Sean O’Casey described his wonderful play The Silver Tassie, which I review in Weekend today, as a ‘tragi-comedy’. Much of the (very welcome) humour is supplied by the antics of a pair of old boys, Sylvester Heegan and Simon Norton, beautifully portrayed by Aidan McArdle and Stephen Kennedy. In Garry Hynes’s startlingly good production of the play that the Irish company Druid brought to Oxford Playhouse in 2010, the characters wore bowler hats, giving the impression, possibly intended, that they were auditioning, two decades early, for roles in Samuel Becket’s Waiting for Godot. At the National Theatre, headgear is dispensed with.

The joshing, disputational nature of the men’s friendship is established in the opening scene of the play when they disagree about the details of a boxing match in which a policeman had been worsted by Sylvester’s son Harry.

Acting out the climax of the bout in pantomimic style — as seen in the photograph on the right — Sylvester supplies breathless commentary. “There he [the policeman] was staggerin’, beatin’ out blindly, every spark of energy panted out of him, while Harry feinted, dodg’d, sidestepp’d, then suddenly sail’d in an’ put him asleep with . . .”

“A left-handed hook to the jaw!” he continues, while Simon simultaneously offers: “A right-handed hook to the jaw!”

Slowly and deliberately, Sylvester states: “I was at the fight, Simon, an’ I seen him givin’ a left-handed hook to the jaw.”

With equal force, Simon replies: “I was there, to, an’ I saw him down the Bobby with a right-handed hook to the jaw.”

This prompts Sylvester’s response, following further emphatic statements of both men’s position: “It was a close-up, an’ I don’t know who’d know better if it wasn’t the boy’s own father.”

That seeming to have settled the matter, at least as far as Sylvester is concerned, the subject is closed.

Towards the end of the play, with the sporting Harry (Ronan Raftery) now in a wheelchair from injuries received in the trenches, the gloom of the drama is relieved by Sylvester and Simon’s cack-handed attempts to answer a ringing public telephone.

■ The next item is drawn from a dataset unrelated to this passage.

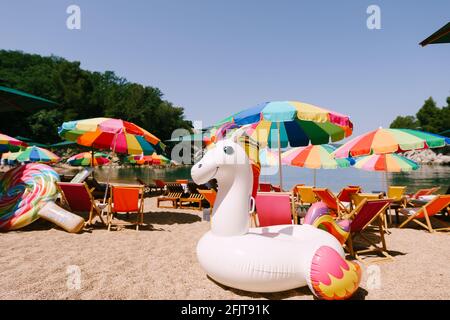Inflatable white unicorn on the royal beach in Przno against the backdrop of green trees Stock Photo
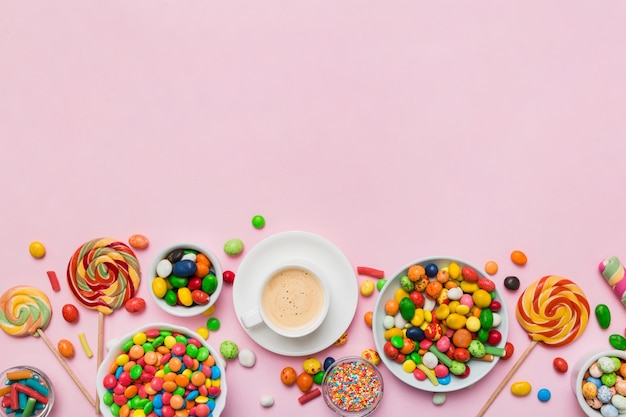 Koffiekopje met chocolaatjes en gekleurd snoep Bovenaanzicht op tabelachtergrond met kopieerruimte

Neither has faced this particular challenge before, and neither has a clue what to do. After hilarious botched efforts to master the instrument, they fall back on the comforting conclusion that it is the person at the other end who has caused the communication breakdown.

Says Simon: “Likely they are not accustomed to it, and it’s a bit difficult if you’re not fully conscious of its manipulation.”

Sylvester adds: “Well, let them study an’ study it then, or abide by the consequences, for we can’t be wastin’ time teachin’ them.”

As I followed this scene from my seat in the Lyttelton Theatre last week, my mind went back 25 years to an occasion when I, too, was baffled by telephone technology.

Still working principally as a news reporter, I was equipped on this day, as ‘Sunday man on’, with the office’s new mobile telephone. At lunchtime, I lugged this object, which had the size and appearance of a walky-talky, into my local pub, the Waterman’s Arms, in Osney.

As one who knew me very well, the landlord Steve Denny felt reasonably confident that I would not have the first idea how to operate the instrument. So, having noted the telephone number engraved on it, he surreptitiously dialled it from behind the bar.

The ringing went unheard by me amid the convivial hubbub (to digress, weren’t pubs more fun when restricted noon till 2pm opening on Sunday brought everyone in at the same time?).

“Chris, I think that’s your phone ringing,” said the mischievous Steve. Then he — and everyone else present — watched the comic spectacle, lasting some minutes, of my proving incapable of rising to the challenge of answering it.